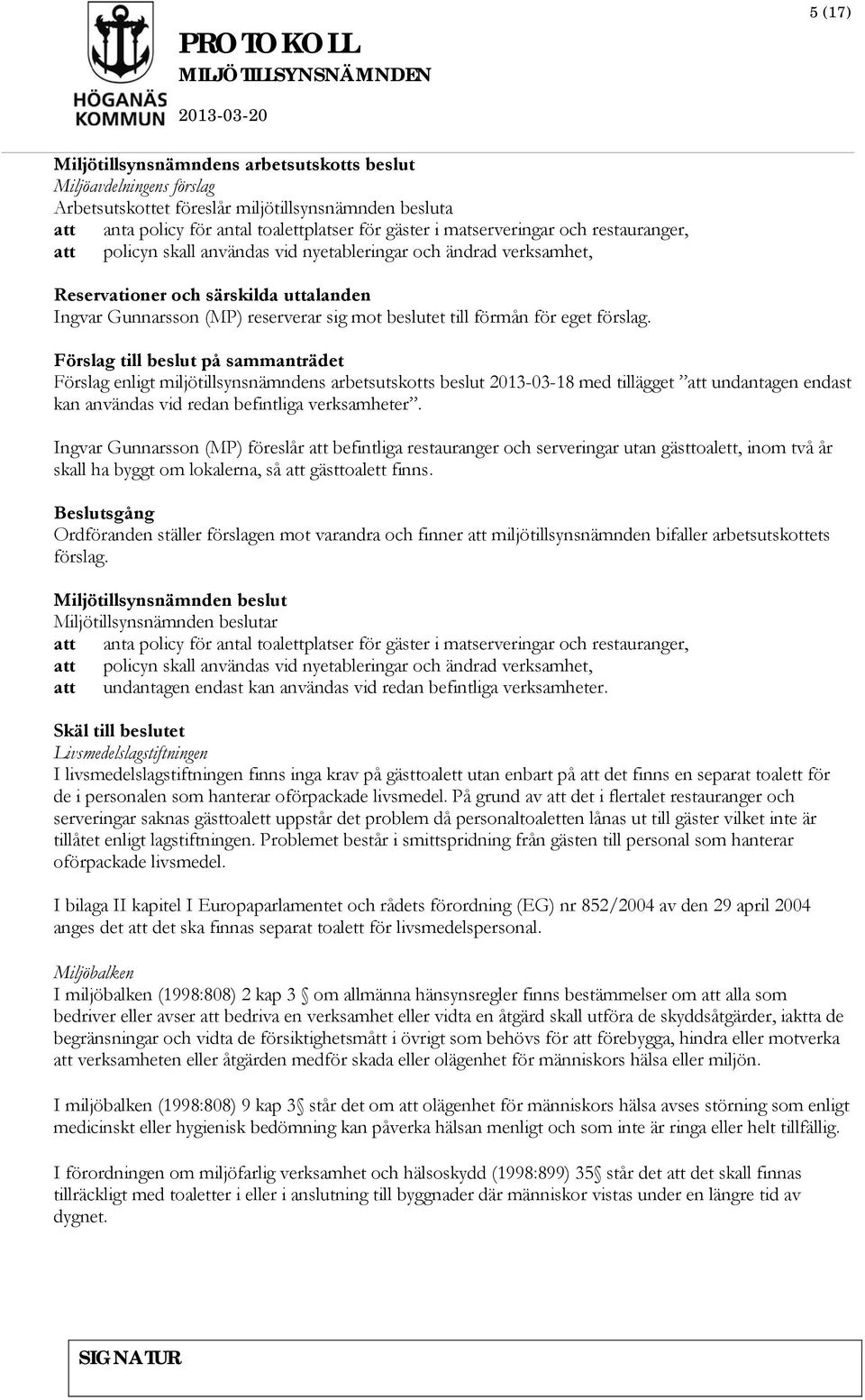 förslag. Förslag till beslut på sammanträdet Förslag enligt miljötillsynsnämndens arbetsutskotts beslut 2013-03-18 med tillägget att undantagen endast kan användas vid redan befintliga verksamheter.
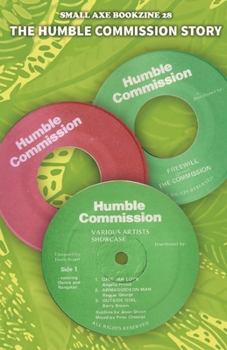 Paperback The Humble Commission Story: Small Axe Bookzine 28 Book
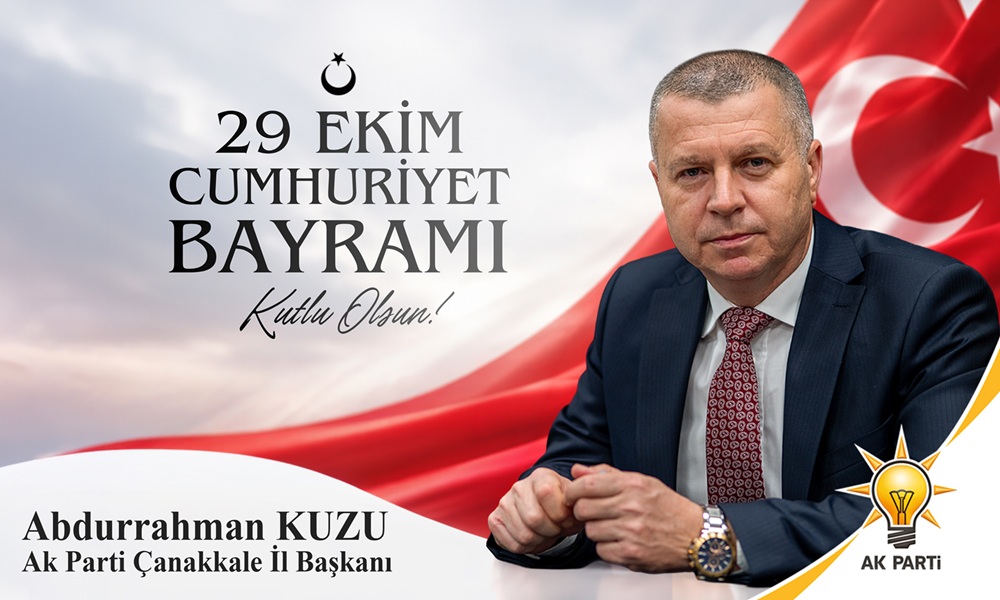 AK PARTİ ÇANAKKALE İL BAŞKANI ABDURRAHMAN KUZU’DAN 29 EKİM CUMHURİYET BAYRAMI MESAJI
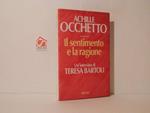 Il sentimento e la ragione. Un intervista di Teresa Bartoli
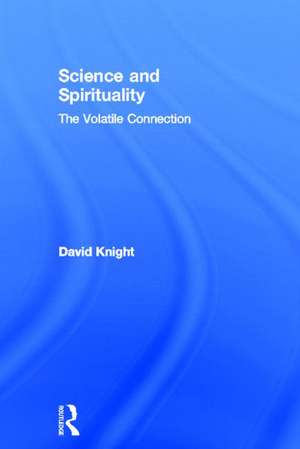 Science and Spirituality: The Volatile Connection de David Knight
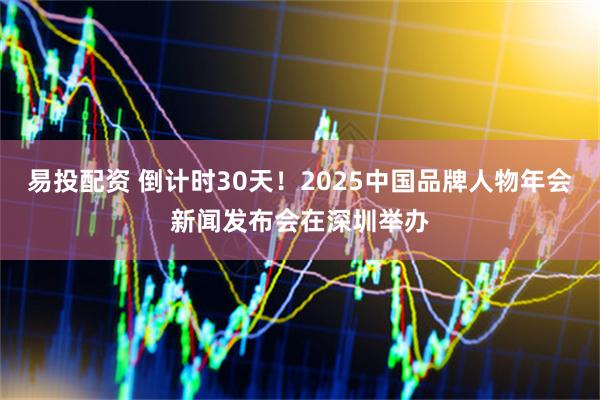 易投配资 倒计时30天！2025中国品牌人物年会新闻发布会在深圳举办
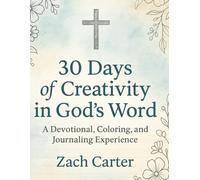 30 Days of Creativity in God’s Word: A Devotional, Coloring, and Journaling Experience
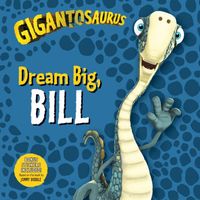 Dream Big, Bill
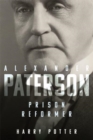 Image for Alexander Paterson: Prison Reformer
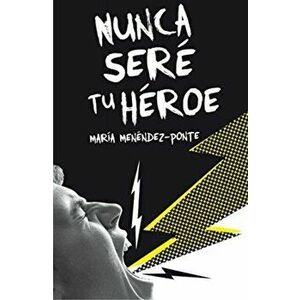 Nunca sere tu heroe, Paperback - Maria Menendez-Ponte imagine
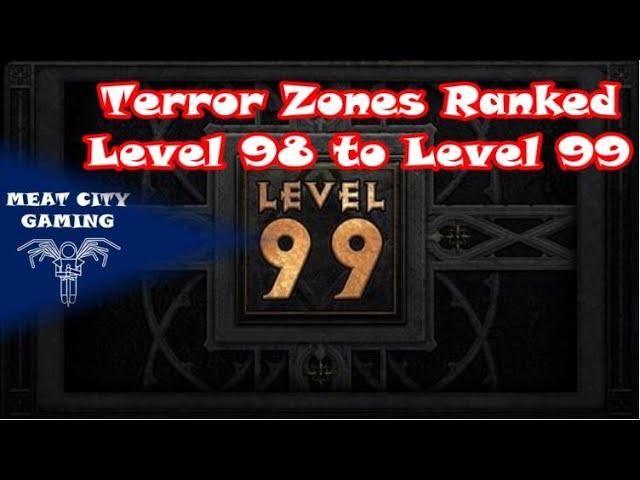 D2R // Ranking the Top Terror Zones for the Level 98 to 99 Grind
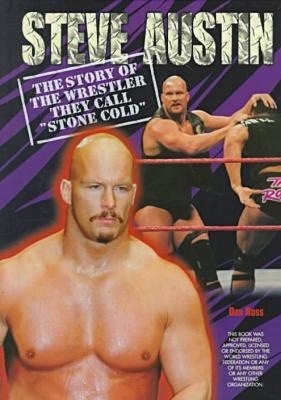 Steve Austin: The Story of the Wrestler They Call Stone Cold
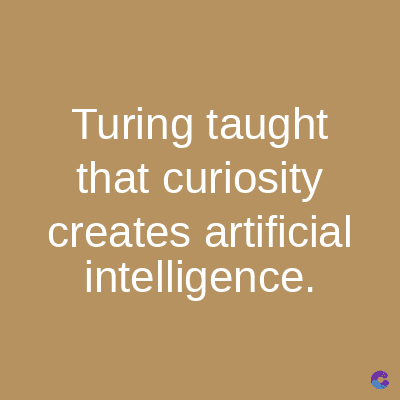 Turing taught
that curiosity
creates artificial
intelligence.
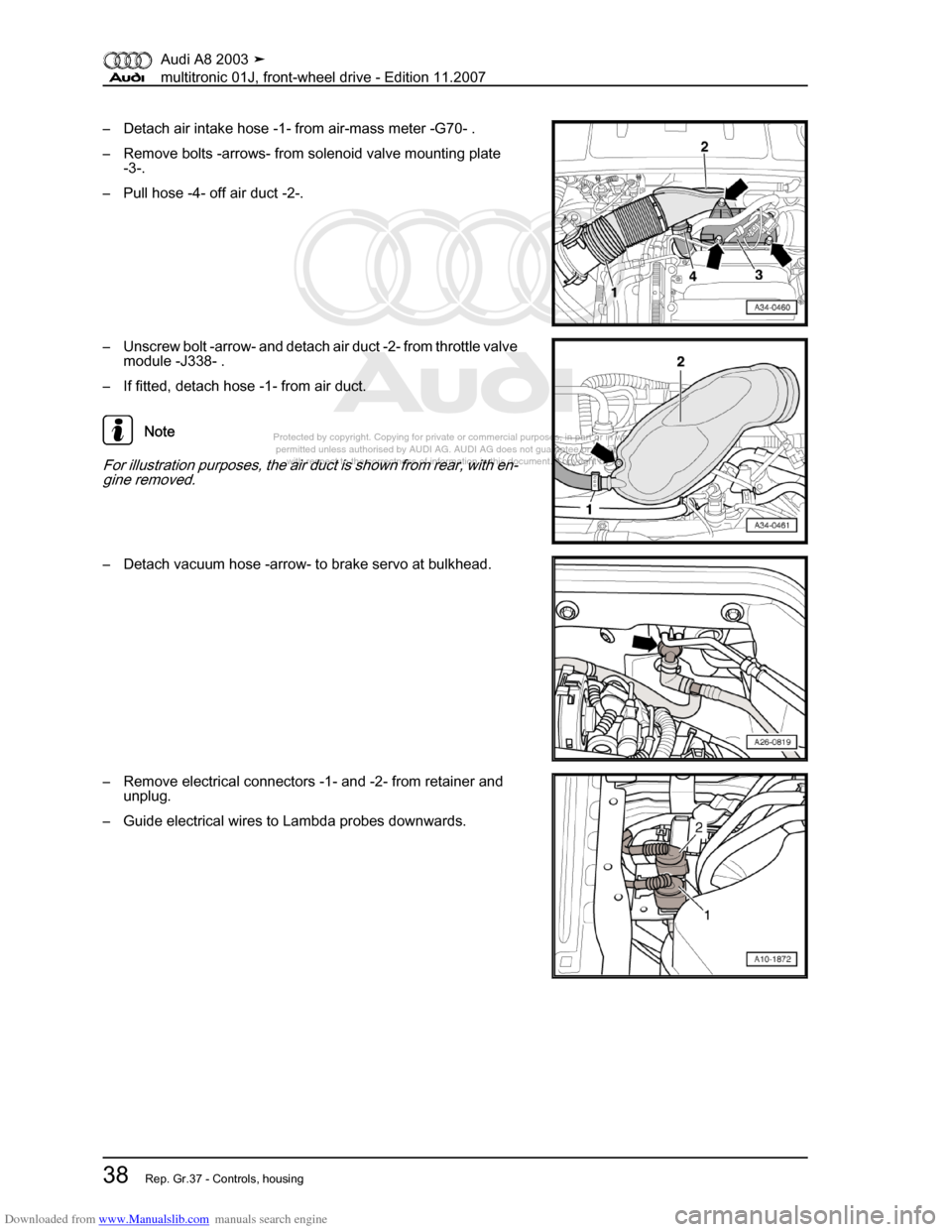 AUDI A8 2003 D3 / 2.G Multitronic System Workshop Manual Downloaded from www.Manualslib.com manuals search engine 
Protected by copyright. Copying for private or commercial purposes, in p\
art or in whole, is not 
 permitted unless authorised by AUDI AG. AU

····················

* **Exercise directions**: Leave the pictures behind and repeat each entry exactly.

* **Your solution**:
 förslag. Förslag till beslut på sammanträdet Förslag enligt miljötillsynsnämndens arbetsutskotts beslut 2013-03-18 med tillägget att undantagen endast kan användas vid redan befintliga verksamheter.
 Paperback The Humble Commission Story: Small Axe Bookzine 28 Book
 AK PARTİ ÇANAKKALE İL BAŞKANI ABDURRAHMAN KUZU’DAN 29 EKİM CUMHURİYET BAYRAMI MESAJI
 Il sentimento e la ragione. Un intervista di Teresa Bartoli
 Science and Spirituality: The Volatile Connection de David Knight
 易投配资 倒计时30天！2025中国品牌人物年会新闻发布会在深圳举办
 30 Days of Creativity in God’s Word: A Devotional, Coloring, and Journaling Experience
 Dream Big, Bill
 Image for Alexander Paterson: Prison Reformer
 Nunca sere tu heroe, Paperback - Maria Menendez-Ponte imagine
 D2R // Ranking the Top Terror Zones for the Level 98 to 99 Grind
 Steve Austin: The Story of the Wrestler They Call Stone Cold
 Turing taught
that curiosity
creates artificial
intelligence.
 AUDI A8 2003 D3 / 2.G Multitronic System Workshop Manual Downloaded from www.Manualslib.com manuals search engine 
Protected by copyright. Copying for private or commercial purposes, in p\
art or in whole, is not 
 permitted unless authorised by AUDI AG. AU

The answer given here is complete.